Coast Guard and Air Force aircraft and a patrol boat suspended a search Thursday night for Panorama Air Tours Flight 21, which disappeared Wednesday evening near the island of Molokai, 50 miles southeast of Honolulu. The search was to resume at sunrise today.
The Piper Chieftain twin-engine airplane carried a pilot and seven passengers.
Airline President Paul Risher refused to release the names of the passengers, but said Panorama Air employees spent Thursday notifying their relatives.
″As far as we know, they (the passengers) all were tourists,″ said Ken Fletcher, director of operations for Panorama Air.
Risher would not speculate about the cause the disappearance.
On Nov. 21, a Panorama Air Piper Chieftain crash-landed in a Honolulu park after one of the plane’s engines failed, injuring one person. Fletcher said the missing airplane was not the same craft.
Panorama Air planes have been involved in at least five other accidents, including three fatal crashes that killed 19 people since the inter-island carrier began service in March 1971.
Risher said the company’s planes are subjected to routine inspection and he said the pilot of Flight 21 was highly trained.
″Our planes are inspected every night, when they return (to Honolulu), and they go through a major phase maintenance program every 10 or 12 days,″ Risher said. ″I don’t know how long this one’s been from its major phase, but certainly no more than 12 days.″
Private pilots near the last reported location of the plane were asked to be on the lookout for wreckage, said Petty Officer Mason Cornish of the Joint Rescue Coordination Center.

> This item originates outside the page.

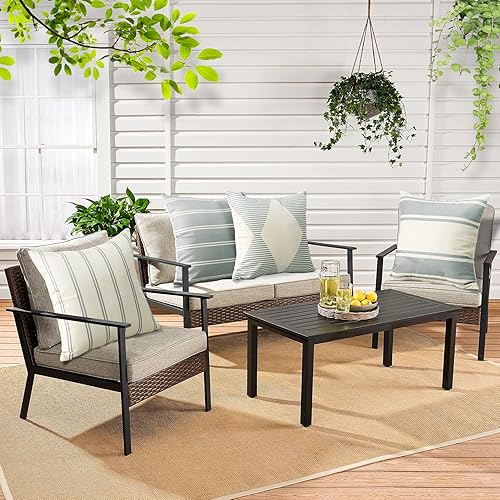 Miniatura 2 de OTOSTAR Juego de 4 fundas de almohada decorativas impermeables para exteriores, fundas decorativas geométricas de 18 x 18 pulgadas, fundas cuadradas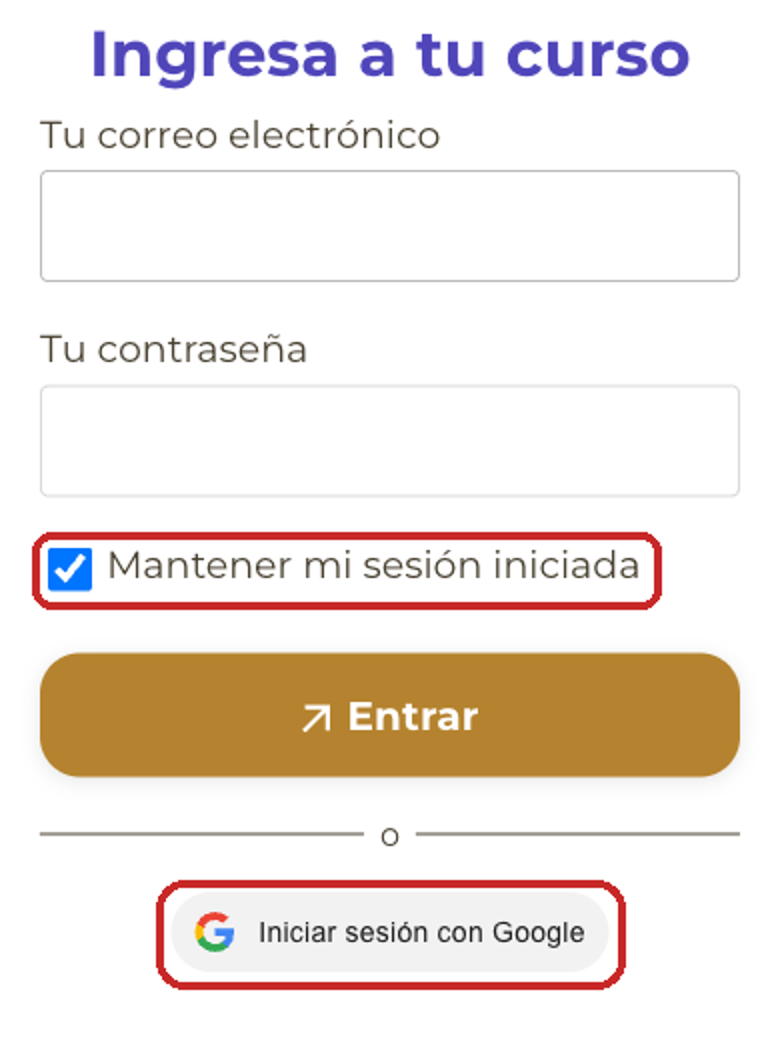 La casilla Mantener mi sesión iniciada y el botón Iniciar sesión con Google, marcados en rojo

Searchers investigated four reports Thursday of possible debris and oil slicks, but none of the leads turned up any wreckage, Cornish said.
The flight left Honolulu International Airport at 6:40 p.m. bound for Molokai Airport, said Petty Officer James Walker of the rescue center.

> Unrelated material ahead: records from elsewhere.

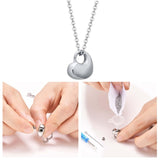 Maxbell Heart Urn Necklace Memorial Ashes Holder Hand Crafted Durable Silver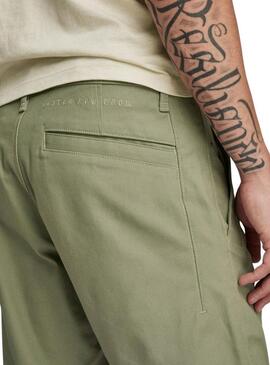 Pantalone Bermuda G-Star Verde Bronson 2.0 Slim Chino per Uomo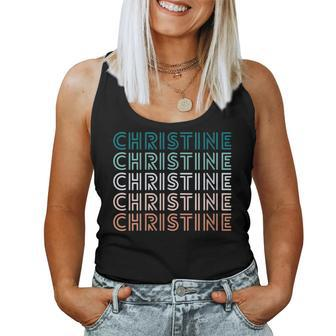 Christine Name Retro Color Woman Women Tank Top - Monsterry DE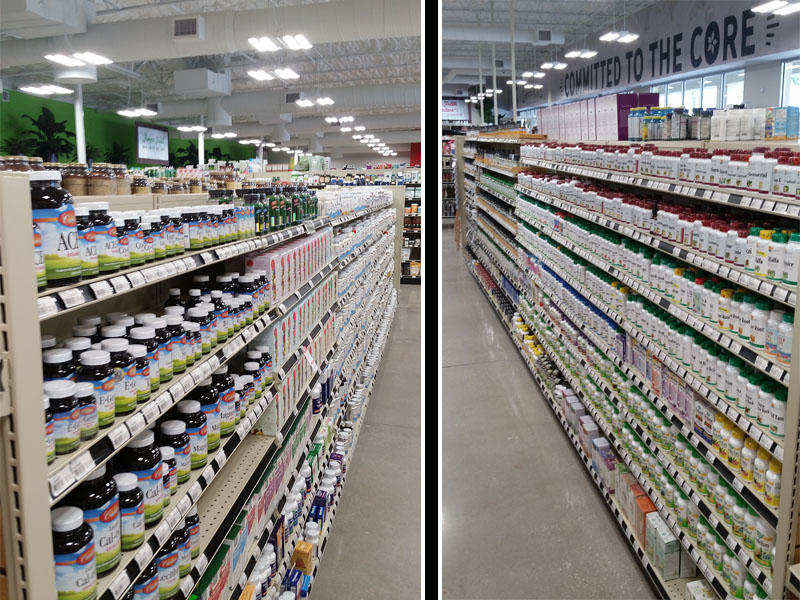 Endless rows of shelves contain all the supplements on could ever need.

The airplane was lost off Honolulu airport radar Wednesday when it was 3 1/ 2 miles off the west coast of Molokai, said Melissa Youngberg, a Coast Guard spokeswoman. Two Coast Guard helicopters, a C-130 airplane, two Air Force search planes and a patrol boat were searching waters off Molokai, she said Thursday.
George Harvey of the Federal Aviation Administration said visibility was 15 miles when the plane disappeared, winds were light and rain showers were reported over Molokai.

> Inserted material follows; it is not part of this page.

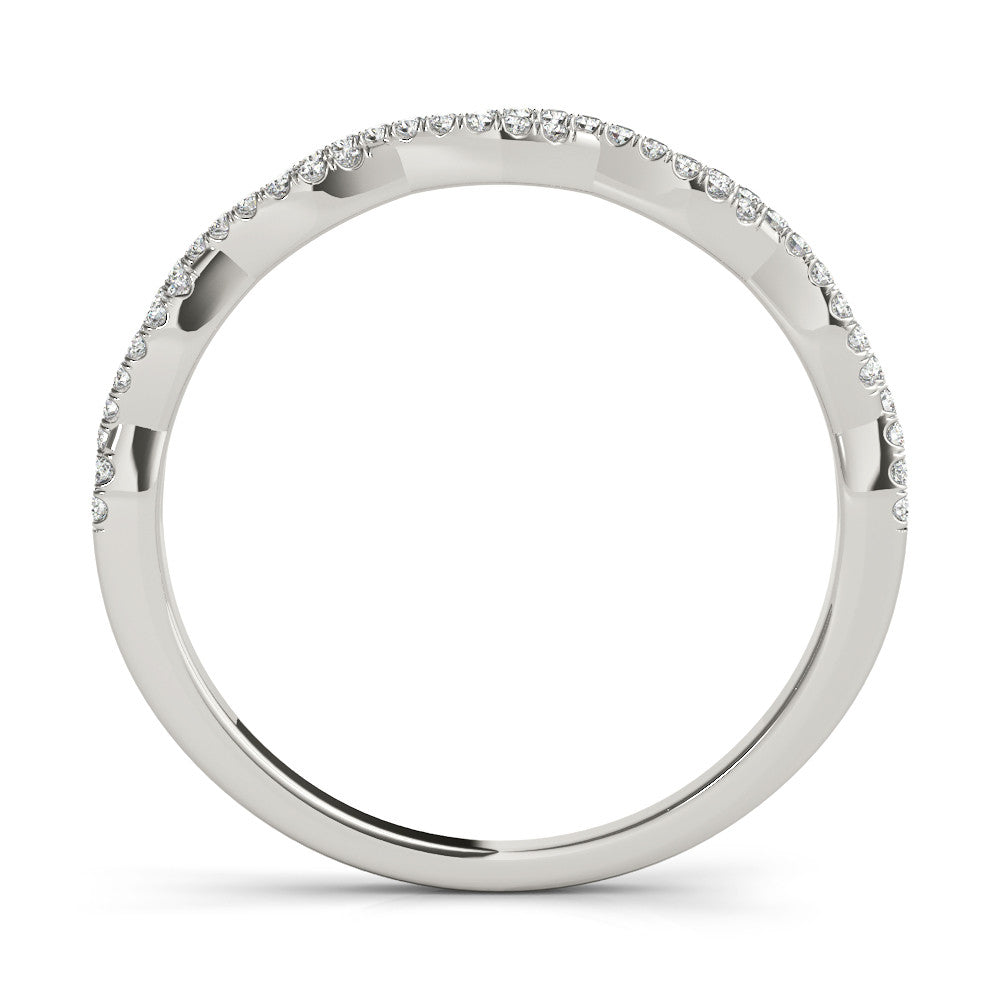 Silver Diamond Twisted Band Ring Style 2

The plane was flying at 1,500 to 1,600 feet, said Carl Maddox, FAA area supervisor.
The pilot, Steve Baayoun, 27, joined Panorama Air six months ago, said chief pilot John Callahan. He said Baayoun had 3,000 hours of flying experience in Southern California, but he was unable to immediately recall what companies Baayoun had flown for.
Callahan said five of the seven passengers had booked seats shortly before departure because they had missed another flight.
Five people from Los Angeles were scheduled to check into the Sheraton- Moloka i in Maunaloa Wednesday night after flying Panorama, but never arrived, said General Manager Dale Stetson. The people were traveling in two parties, Stetson said.